- _PROBLEM REQUIREMENTS_: Repeat exactly the lines of the material below that run from the "Maybe you don't" line to the "If all occluding" line, including both, and do not carry over any pictures.

- _EXCERPTED DATA_:
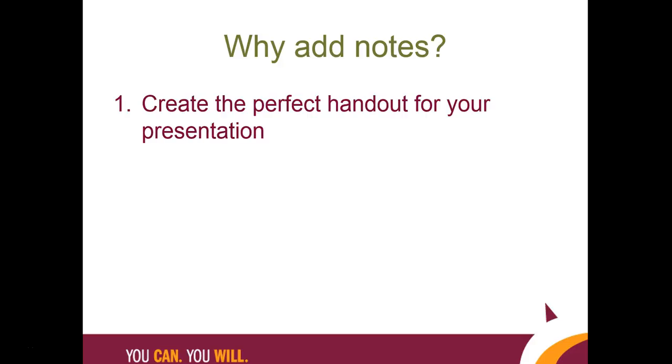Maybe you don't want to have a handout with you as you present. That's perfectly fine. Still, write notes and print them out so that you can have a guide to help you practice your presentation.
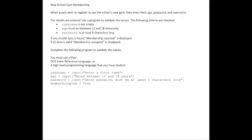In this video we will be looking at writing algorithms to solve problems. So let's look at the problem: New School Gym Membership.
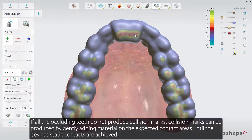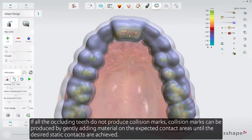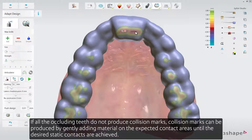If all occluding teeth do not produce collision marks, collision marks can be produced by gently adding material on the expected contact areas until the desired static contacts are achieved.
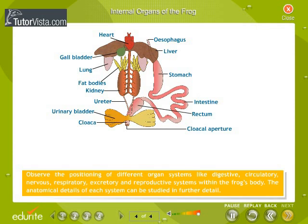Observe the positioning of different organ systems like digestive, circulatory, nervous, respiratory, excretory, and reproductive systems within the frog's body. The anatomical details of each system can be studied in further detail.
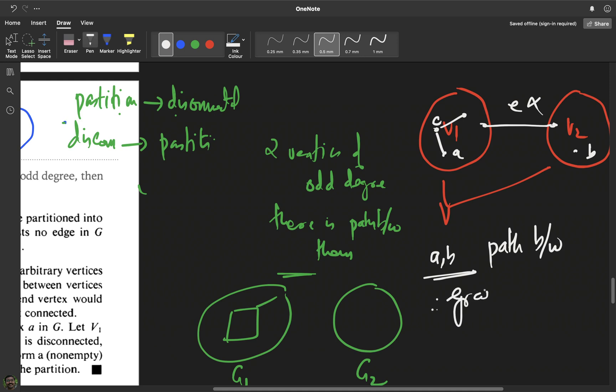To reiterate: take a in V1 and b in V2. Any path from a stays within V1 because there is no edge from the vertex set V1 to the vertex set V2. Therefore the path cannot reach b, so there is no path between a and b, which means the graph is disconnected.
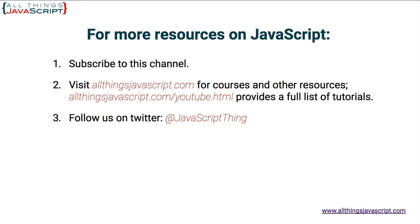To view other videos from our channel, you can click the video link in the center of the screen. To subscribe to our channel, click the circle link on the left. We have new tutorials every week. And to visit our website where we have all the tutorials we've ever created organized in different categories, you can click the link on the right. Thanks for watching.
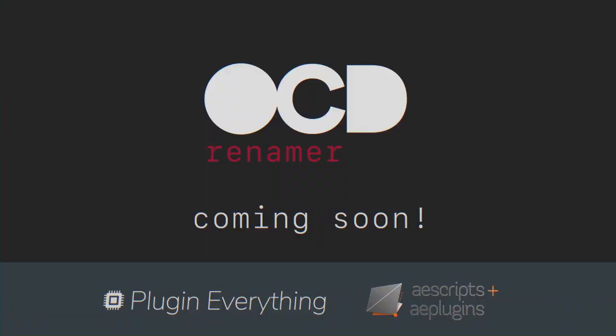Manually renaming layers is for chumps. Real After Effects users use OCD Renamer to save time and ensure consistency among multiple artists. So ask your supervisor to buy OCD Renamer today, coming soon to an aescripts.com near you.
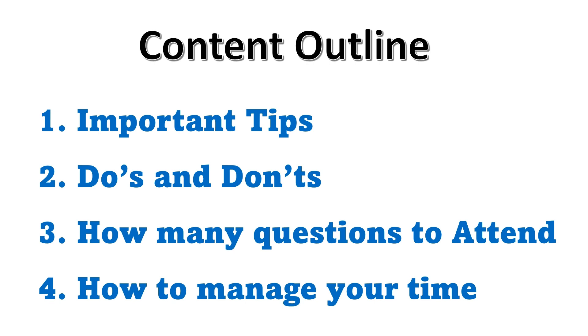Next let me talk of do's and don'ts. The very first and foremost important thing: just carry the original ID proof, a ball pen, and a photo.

==

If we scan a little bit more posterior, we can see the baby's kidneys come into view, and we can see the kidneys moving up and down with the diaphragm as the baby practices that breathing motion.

* * *

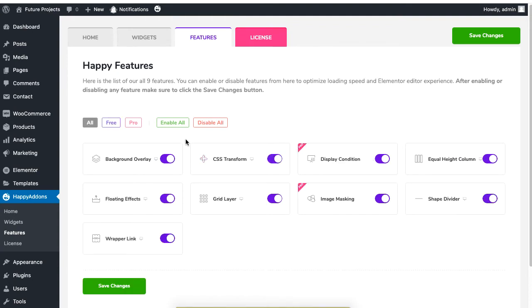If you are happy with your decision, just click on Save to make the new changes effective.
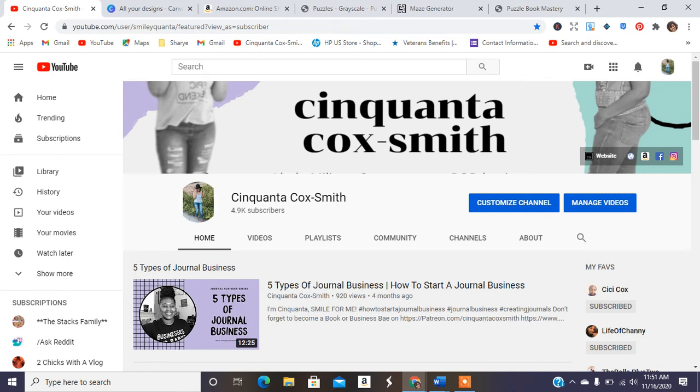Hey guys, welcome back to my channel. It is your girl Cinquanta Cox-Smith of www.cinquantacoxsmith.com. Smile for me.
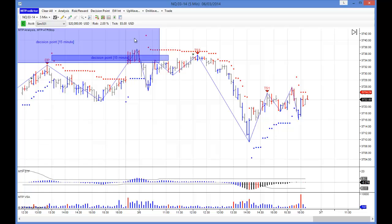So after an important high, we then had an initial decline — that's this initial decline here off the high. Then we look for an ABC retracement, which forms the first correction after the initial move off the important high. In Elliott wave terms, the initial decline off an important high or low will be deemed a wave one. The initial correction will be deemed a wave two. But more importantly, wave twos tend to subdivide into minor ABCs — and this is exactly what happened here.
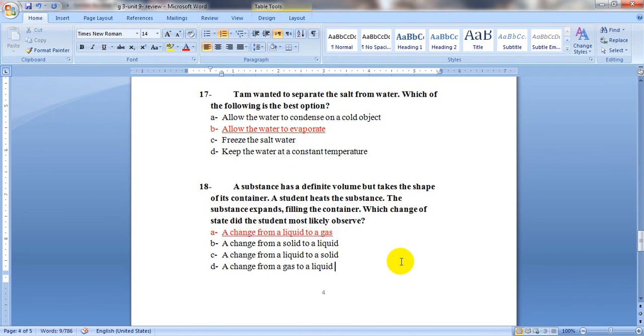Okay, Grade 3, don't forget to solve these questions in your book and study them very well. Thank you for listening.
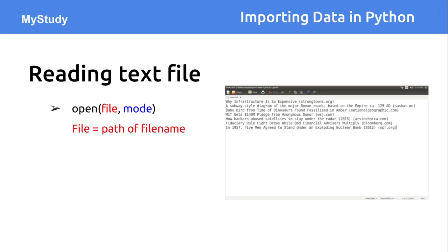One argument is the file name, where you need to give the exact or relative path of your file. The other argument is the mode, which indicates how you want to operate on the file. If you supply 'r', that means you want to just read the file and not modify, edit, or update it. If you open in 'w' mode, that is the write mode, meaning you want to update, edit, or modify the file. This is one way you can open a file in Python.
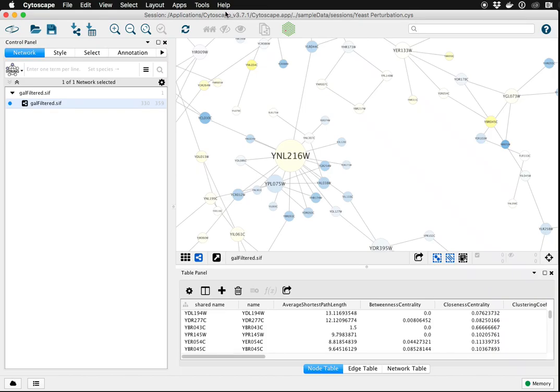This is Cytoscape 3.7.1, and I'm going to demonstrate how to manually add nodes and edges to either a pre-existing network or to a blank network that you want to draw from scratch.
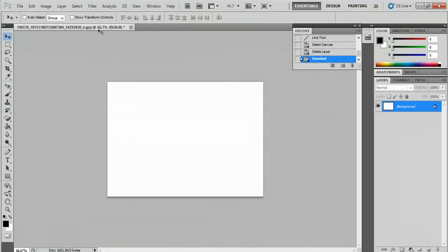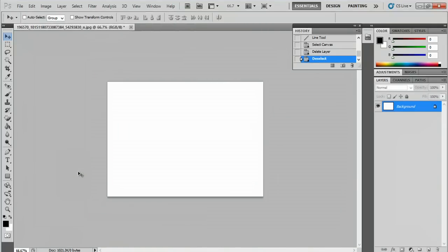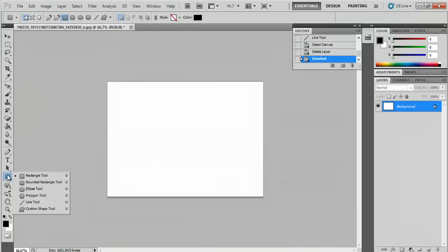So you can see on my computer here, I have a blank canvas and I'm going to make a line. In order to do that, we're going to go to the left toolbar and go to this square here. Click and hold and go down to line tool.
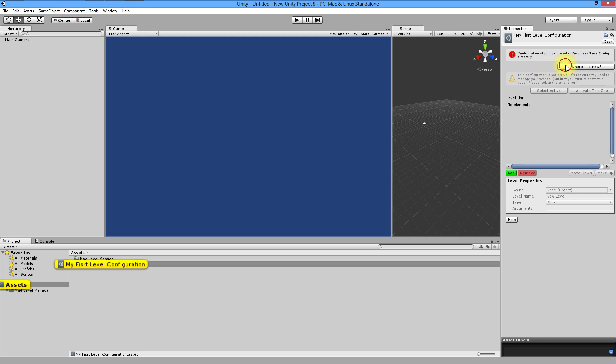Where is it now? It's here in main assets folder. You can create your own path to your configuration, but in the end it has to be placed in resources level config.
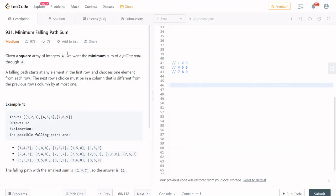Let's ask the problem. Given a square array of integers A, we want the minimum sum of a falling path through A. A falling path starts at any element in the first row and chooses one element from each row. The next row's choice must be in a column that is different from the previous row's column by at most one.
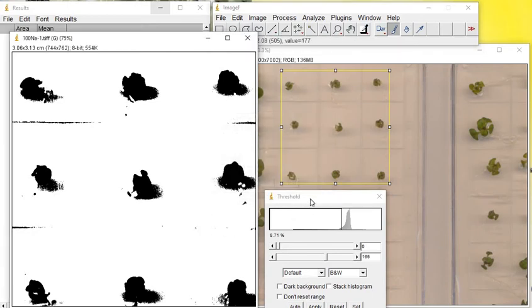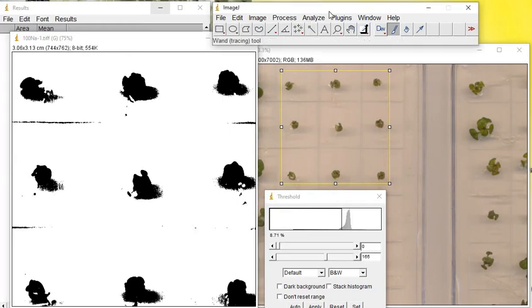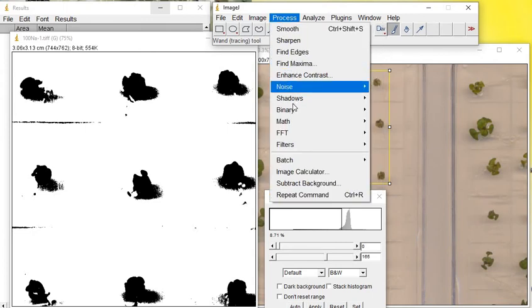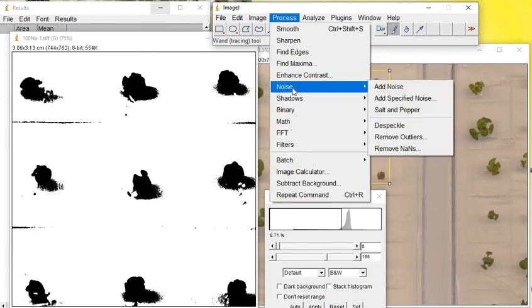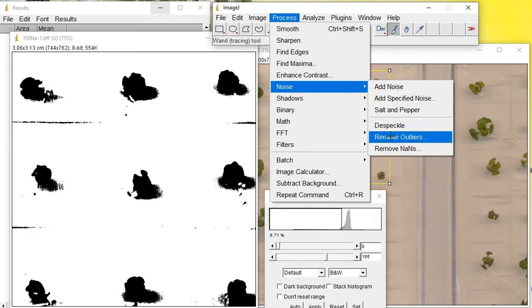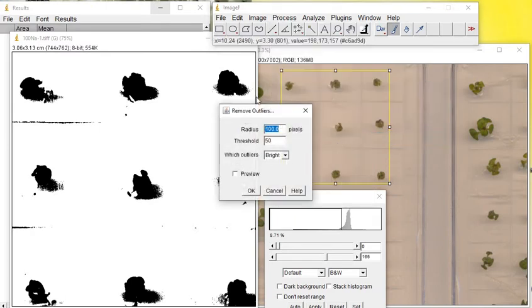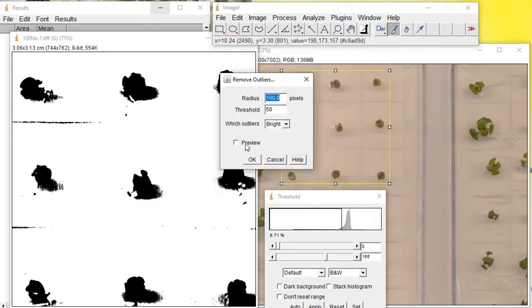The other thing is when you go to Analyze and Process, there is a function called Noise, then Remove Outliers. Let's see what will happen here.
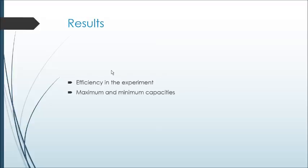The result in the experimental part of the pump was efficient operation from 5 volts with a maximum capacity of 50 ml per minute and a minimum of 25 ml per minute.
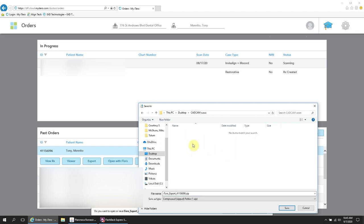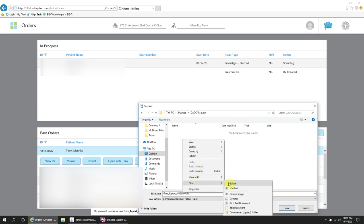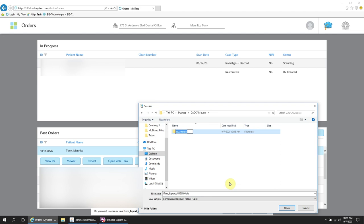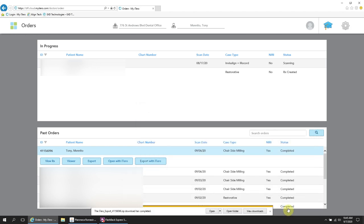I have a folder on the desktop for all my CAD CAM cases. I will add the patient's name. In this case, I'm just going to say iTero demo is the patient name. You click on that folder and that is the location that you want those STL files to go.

- _PROBLEM SOLUTION_:
Maybe you don't want to have a handout with you as you present. That's perfectly fine. Still, write notes and print them out so that you can have a guide to help you practice your presentation.
In this video we will be looking at writing algorithms to solve problems. So let's look at the problem: New School Gym Membership.
If all occluding teeth do not produce collision marks, collision marks can be produced by gently adding material on the expected contact areas until the desired static contacts are achieved.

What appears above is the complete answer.